DATASET CONTENT:
★ ★ ★ ★ ★ ★ ★

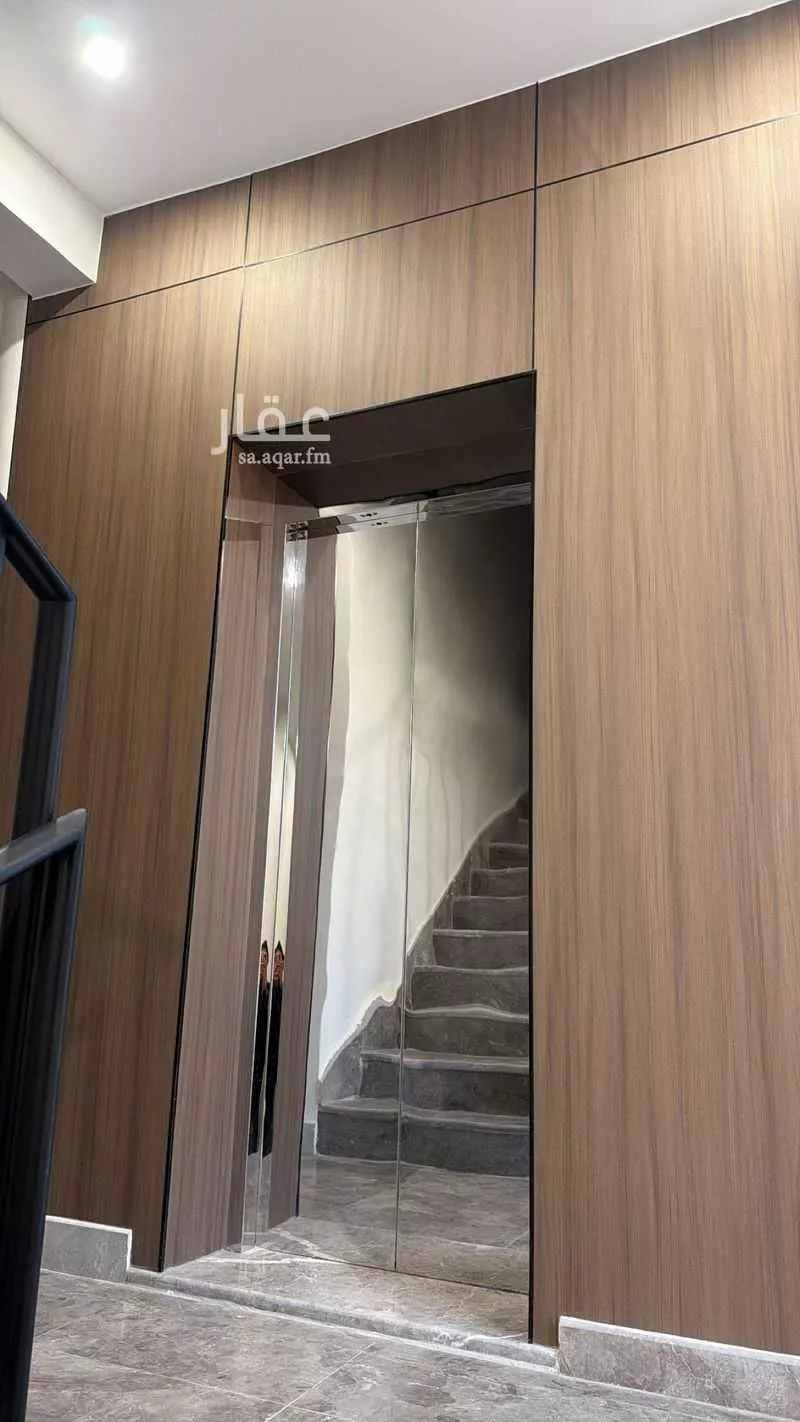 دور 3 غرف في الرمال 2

★ ★ ★ ★ ★ ★ ★

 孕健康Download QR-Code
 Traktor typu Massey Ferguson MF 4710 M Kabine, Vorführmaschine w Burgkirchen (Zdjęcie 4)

★ ★ ★ ★ ★ ★ ★

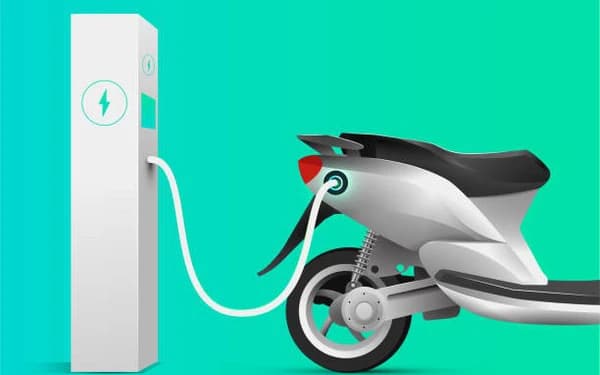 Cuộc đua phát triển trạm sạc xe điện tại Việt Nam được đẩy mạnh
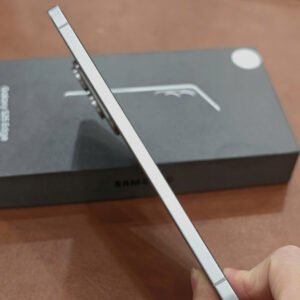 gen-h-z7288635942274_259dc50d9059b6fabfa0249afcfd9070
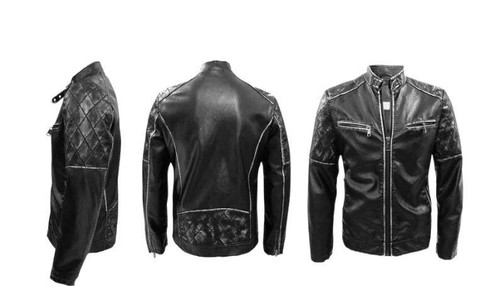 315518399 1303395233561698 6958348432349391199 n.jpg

★ ★ ★ ★ ★ ★ ★

DESCRIPTION OF THE TASK: What belongs in the answer is each line above from the line with "gen-h-z7288635942274_259dc50d9059b6fabfa0249afcfd9070" to the line with "315518399 1303395233561698 6958348432349391199", inclusive, reproduced exactly and free of pictures.

RESPONSE TO THIS TASK:
 gen-h-z7288635942274_259dc50d9059b6fabfa0249afcfd9070
 315518399 1303395233561698 6958348432349391199 n.jpg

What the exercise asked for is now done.